The shift in tone suits where Denise is at this point in her life, a 30-something thrust into success after a bestselling debut novel. She’s newly married and trying for a family. Denise’s fears about parenthood, marriage, and the ephemeral nature of success are painted on through the first episode in soft, subtle strokes like watercolor, peeking through all her other layers. Waithe, who co-wrote the season with Ansari, appears to have put a lot of herself into the script. It shows in the care she puts behind her performance.
What’s always set Master of None apart from other rom-com/dramedy series is how straightforward it’s been in portraying young adult life as someone from a marginalized group. Season three doubles down on this mission. Dev may have been a minority, but he was still a straight man. Seeing the world through Denise and Alicia’s eyes, on the other hand, is a breath of fresh air for a show where the protagonist’s love life could be uncomfortably stale. Here, the season lets us see what it’s like to live as a queer woman of color: eating breakfast, folding laundry, laughing, fighting, living.
But while some shows never quite find their stride between what’s actually queer and what straight writers think is queer, Waithe and Ackie strike a beautiful balance between the lovely highs, the mundane middles, and the emotional low points. The fourth episode, focusing mainly on Alicia, is as close as this season comes to any kind of messaging when Alicia discovers that insurance companies have billing codes for “attacked by orca” but none for “queer women seeks motherhood.” It could come across as a Very Special Episode, but the whip-smart writing dodges all of that.
Waithe and Ackie strike a beautiful balance between the lovely highs, the mundane middles, and the emotional low points.

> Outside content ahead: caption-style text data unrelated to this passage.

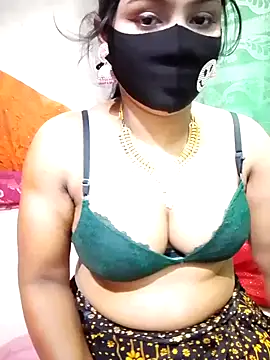 Snapshot of Mistompa24 chatting on November 2, 2025, 3:06 pm Mistompa24 online show from November 2, 2025, 3:06 pm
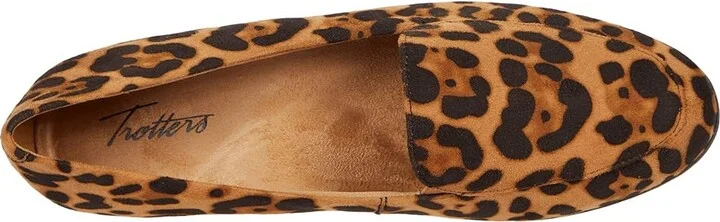 Trotters Monarch Women's Shoes Tan Leopard : 6.5 N (AA), Leather - Image 2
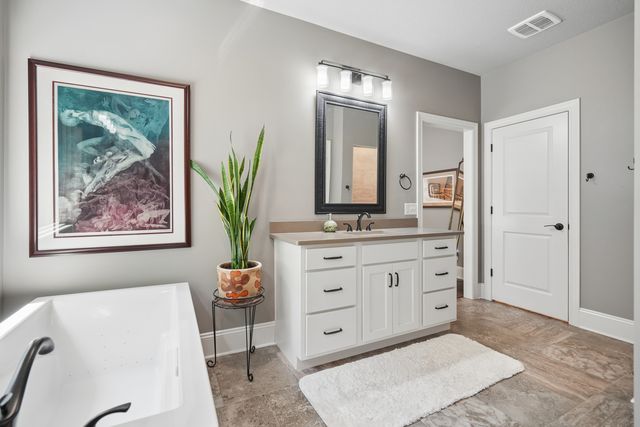 4865 Woody Creek Circle, Bettendorf, IA 52722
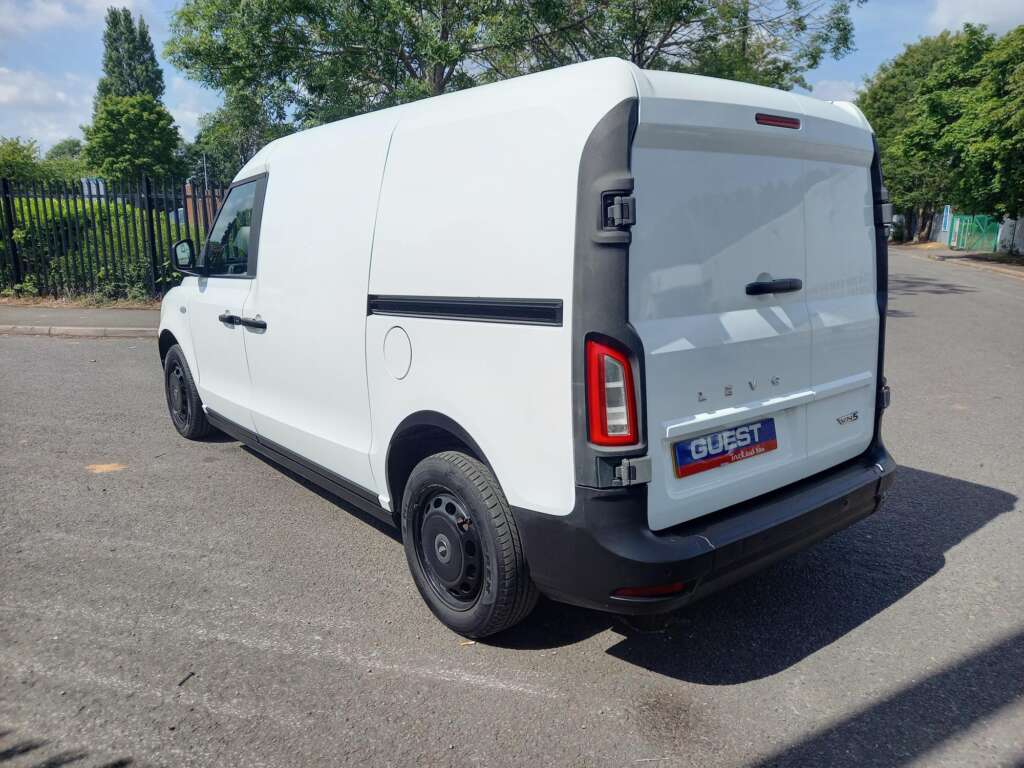 LEVC VN5 31kWh Business Auto Euro 6 5dr (Range Extender)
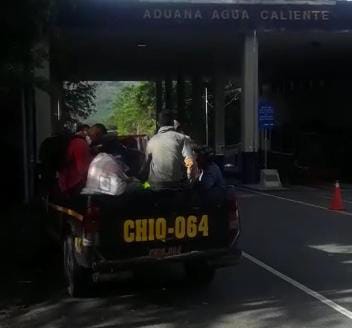 Localizan a 16 migrantes en ruta a la frontera de Agua Caliente, Chiquimula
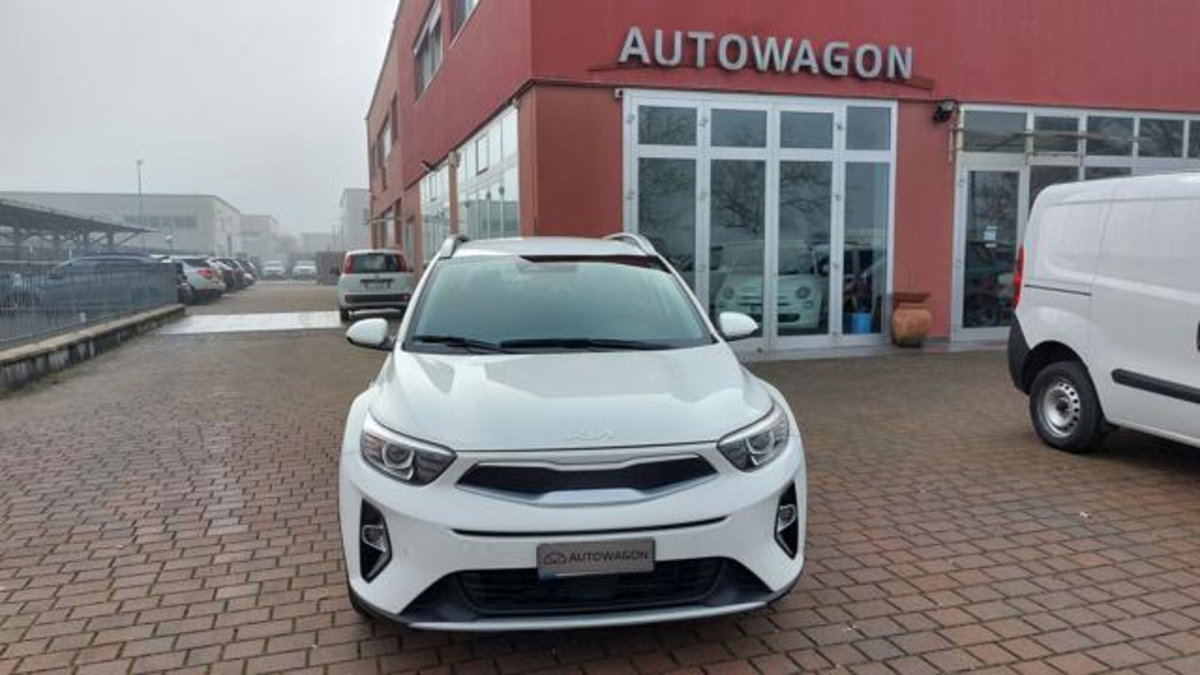 Kia Stonic 1.2 DPI Style (3)
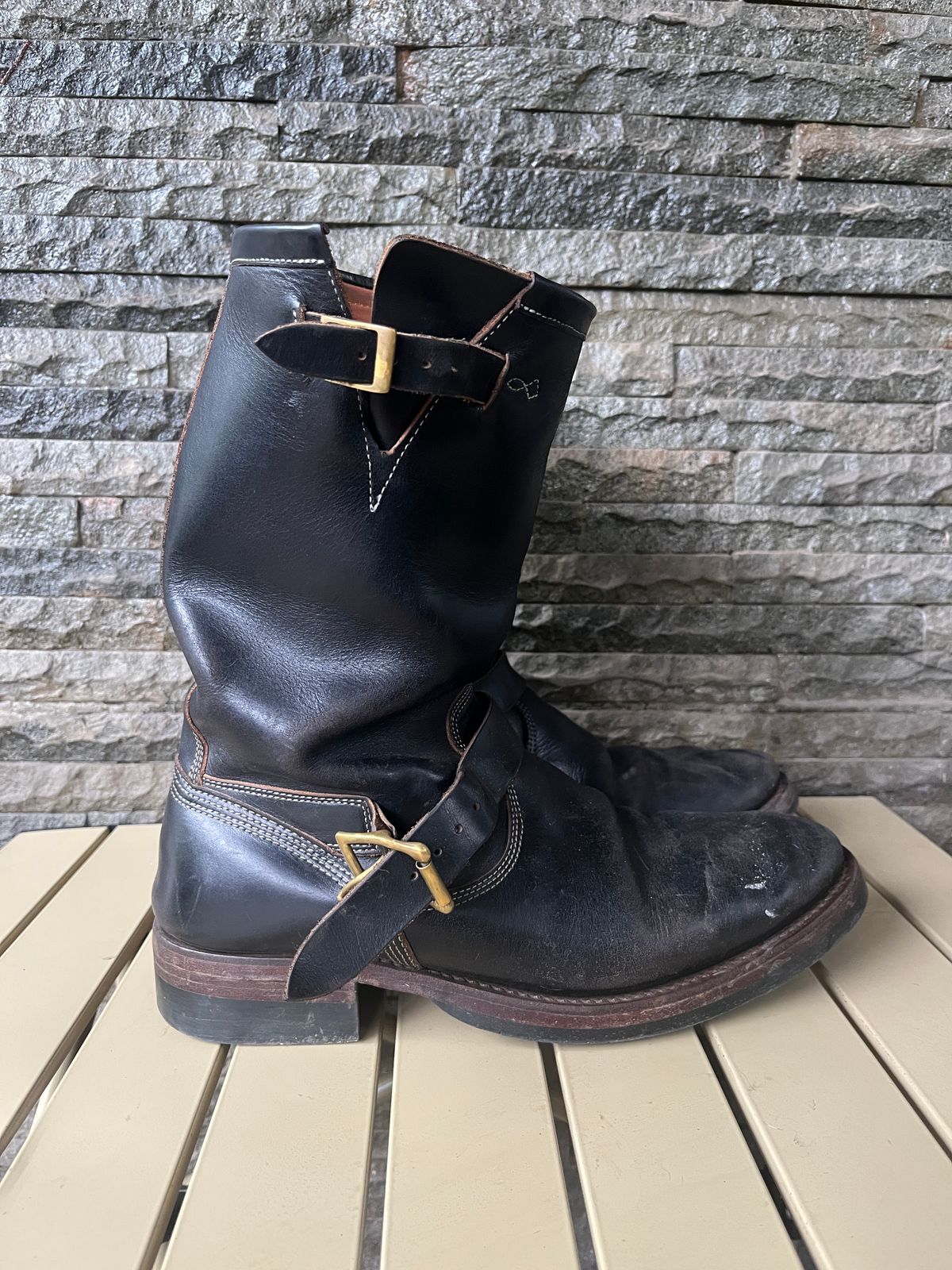 Photo by kkelunturan on March 5, 2026 of the Junkard Enginer boots 11 Inch in Seidel Black Double Shot.
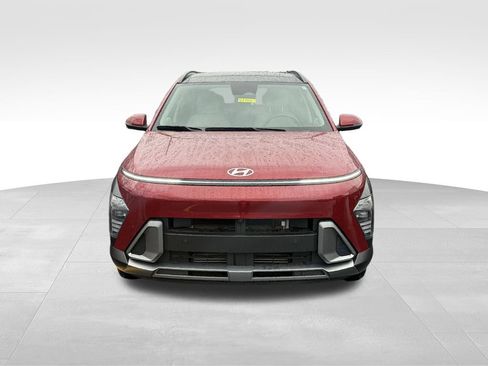Used 2024 Hyundai Kona Limited image 2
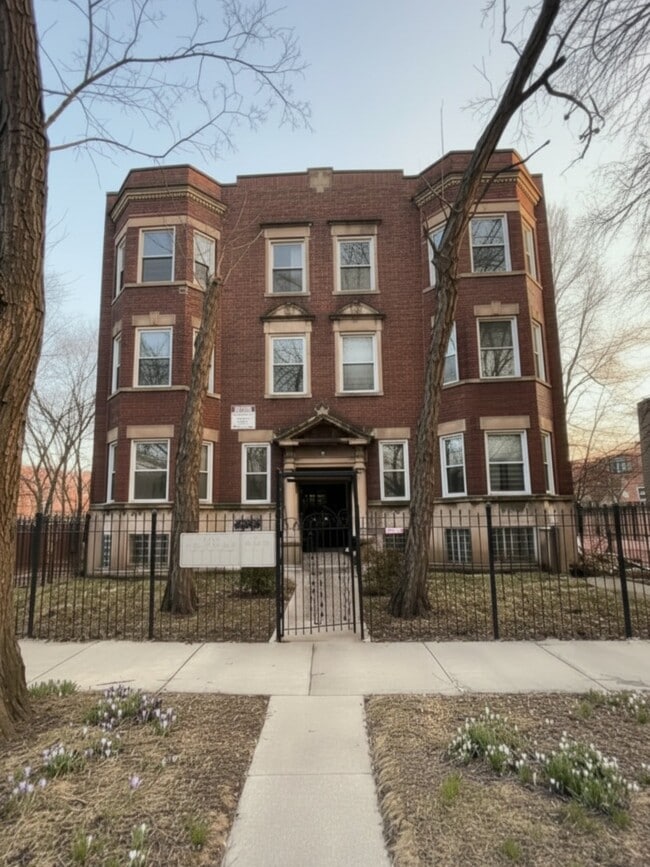 Building Photo - 5909 S Calumet Ave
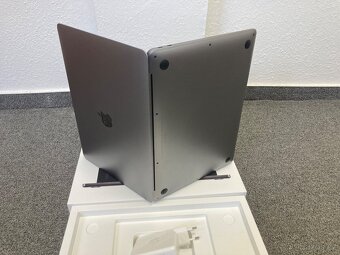 MacBook Air i7 (4 jádra) 13" 2020 16GB RAM a 512SSD - 6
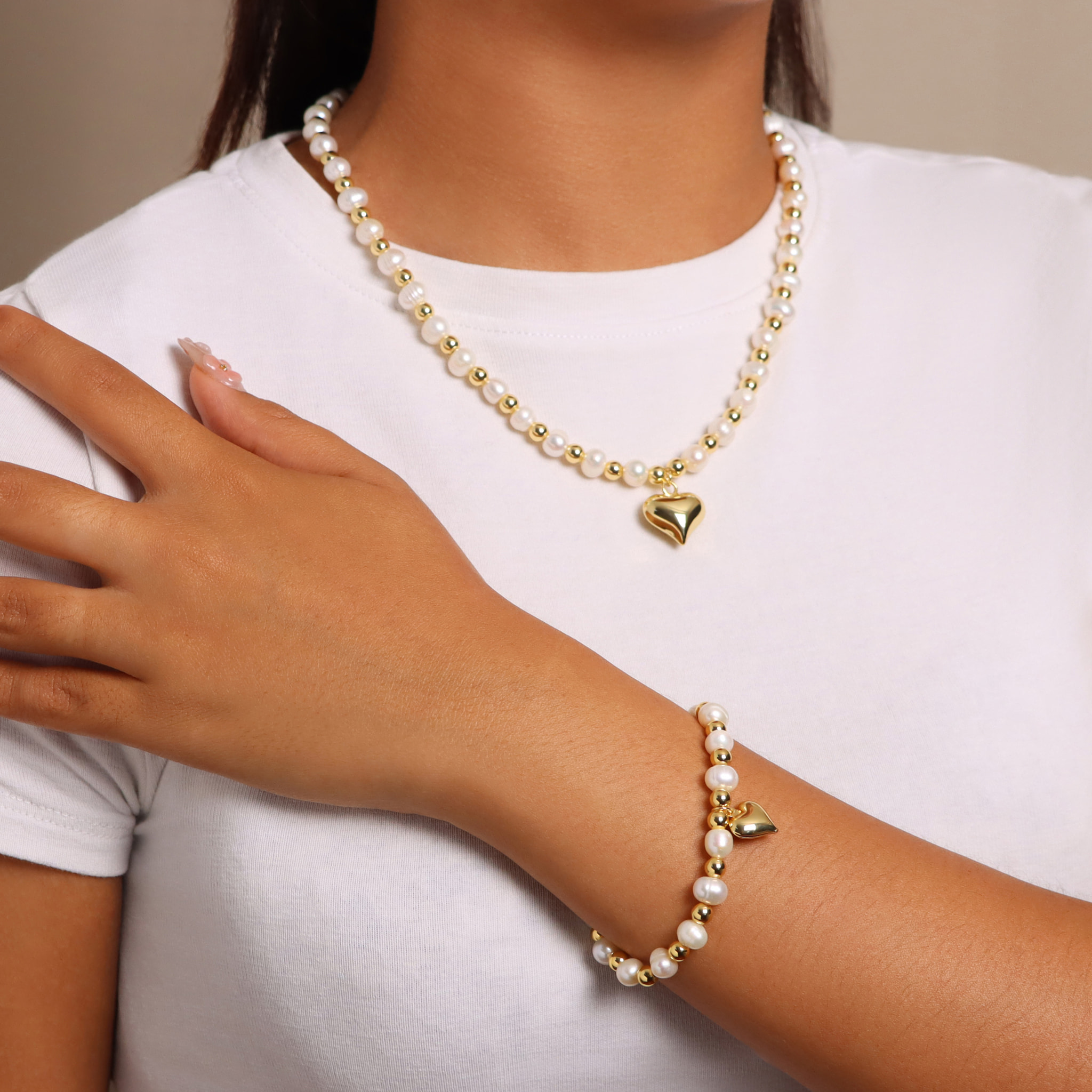 Collana di Perle Bianche d'Acqua Dolce con Bead Lucide e Ciondolo Cuore Bombato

Motherhood is a big focus in these five episodes, both the desire for a family and the fear that comes with taking such a big step. Denise is still trying to find her footing in adulthood and the sudden changes in both her personal and professional lives, a balance that makes it all even more intimidating. She only just came out to her mother in season two’s standout episode “Thanksgiving,” so the prospect of starting a family so soon after that reconciliation is understandably daunting. Add to that Alicia’s struggles with fertility, and it throws all of that beautiful, natural setting into something fraught and tense.
If audiences struggle with the shift in tone for the season, they ought to stick around for the last episode. It beautifully tests the boundaries of how we perceive and understand love—how it changes and grows, contracting and expanding like a living organism. Ultimately, the season finds an oddly comforting note to end on, giving the knowledge that even though things don’t turn out the way we want or expect them to, love can still thrive through the worst life throws at us.
Master of None season 3 premieres on Netflix this Sunday, May 23.